Ce guerrier épris d’amour pour Dalila, fille de Roi des Philistins, n’en signale pas moins tous les jours son courage contre les ennemis de sa patrie. Instruit que son père a été fait prisonnier de guerre, il s’arme pour le délivrer, et pénètre dans la tour où ce vieillard est enfermé.

Les Philistins se réunissent, et enferment à-la-fois le père et le fils. Samson ne se déconcerte point ; il enlève les portes d’airain, place son père sur l’un des battans, et emporte le tout sur ses épaules. Les Philistins le suivent, l’arrêtent, et le chargent de liens. Samson adresse à Dieu une prière fervente, secoue sa crinière, brise ses chaînes, et s’armant de la redoutable mâchoire d’un roussin d’Arcadie, détruit ou met eu fuite toute l’armée des Philistins. Dalila étonnée de tant de prodiges, obtient de lui la révélation de son secret : elle apprend que toute sa force consiste dans ses cheveux et les lui coupe pendant son sommeil.

Un Arlequin, bouffon du Roi des Philistins, s’empare de la chevelure du héros, pare sa tête noire de ce trophée, attaque un dindon qui se trouve auprès de lui, le renverse, le tue, et le porte en triomphe à la cuisine. Cependant on amène Samson dans le temple de Dagon. Les Philistins l’entourent en insultant à sa foiblesse ; mais l’Hercule Israélite recueille ses forces, ébranle une colonnade et s’ensevelit avec ses ennemis sous les ruines du temple.
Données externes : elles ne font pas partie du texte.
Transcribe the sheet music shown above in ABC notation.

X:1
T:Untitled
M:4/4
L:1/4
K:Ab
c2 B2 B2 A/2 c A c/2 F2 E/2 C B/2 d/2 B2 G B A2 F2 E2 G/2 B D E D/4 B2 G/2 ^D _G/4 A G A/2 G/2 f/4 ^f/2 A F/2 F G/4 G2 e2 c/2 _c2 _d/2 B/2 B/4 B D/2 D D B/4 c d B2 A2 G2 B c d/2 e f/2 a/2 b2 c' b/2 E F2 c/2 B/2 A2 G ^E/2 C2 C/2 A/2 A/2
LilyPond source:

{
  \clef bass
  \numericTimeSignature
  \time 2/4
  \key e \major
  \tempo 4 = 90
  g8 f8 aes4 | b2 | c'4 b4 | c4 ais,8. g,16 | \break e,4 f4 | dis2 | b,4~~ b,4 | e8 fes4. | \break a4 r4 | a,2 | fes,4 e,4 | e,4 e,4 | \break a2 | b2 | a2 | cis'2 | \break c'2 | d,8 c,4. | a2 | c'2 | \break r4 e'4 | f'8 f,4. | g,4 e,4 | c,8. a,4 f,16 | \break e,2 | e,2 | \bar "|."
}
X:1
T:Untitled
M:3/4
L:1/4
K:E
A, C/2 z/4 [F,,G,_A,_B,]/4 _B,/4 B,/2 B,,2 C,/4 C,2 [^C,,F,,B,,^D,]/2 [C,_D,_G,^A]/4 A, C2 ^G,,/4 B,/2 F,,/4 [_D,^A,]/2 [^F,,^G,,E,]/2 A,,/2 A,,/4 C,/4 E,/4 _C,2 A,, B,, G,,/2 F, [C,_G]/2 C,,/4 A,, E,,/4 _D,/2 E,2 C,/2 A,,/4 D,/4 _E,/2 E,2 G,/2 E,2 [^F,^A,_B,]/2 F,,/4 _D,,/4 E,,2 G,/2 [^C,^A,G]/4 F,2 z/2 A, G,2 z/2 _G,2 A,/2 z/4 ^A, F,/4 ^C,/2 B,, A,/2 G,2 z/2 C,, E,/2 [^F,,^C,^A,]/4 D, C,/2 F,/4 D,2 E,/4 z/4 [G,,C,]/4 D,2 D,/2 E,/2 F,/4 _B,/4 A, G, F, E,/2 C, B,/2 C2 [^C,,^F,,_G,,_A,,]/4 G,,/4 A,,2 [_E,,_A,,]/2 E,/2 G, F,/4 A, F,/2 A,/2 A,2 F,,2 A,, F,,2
Ou conçoit quel effet produit tout ce fracas. La manière dont cette pièce est montée fait honneur au zèle et à l’intelligence de M. Ribié.

Les décorations différentes des cinq actes sont les plus belles que ce Théâtre puisse offrir, et l'ensemble qui a régné parmi les acteurs n’a presque rien laissé à désirer.

Le rôle de Samson est joué avec beaucoup de vigueur par S. Jules, et celui de Dalila avec beaucoup de talent par Mad. d’Herbouville, qui a souvent été vivement applaudie.

Sur la manière dont Ribié transforme l'histoire de Samson, on peut se référer à la thèse de Béatrice Ferrier, La Bible à l’épreuve de la scène : la transformation du sacré dans l’histoire de Samson (1702-1816), publiée chez Honoré Champion, 471 p., en 2014. Elle fait une large place à l'évolution de l'image de Samson, tout au long du 18e siècle et au début du 19e siècle, en montrant ses difficiles rapports avec le système politique, peu soucieux de voir mis en cause le pouvoir; la Bible devant légitimer le pouvoir, et non le contester.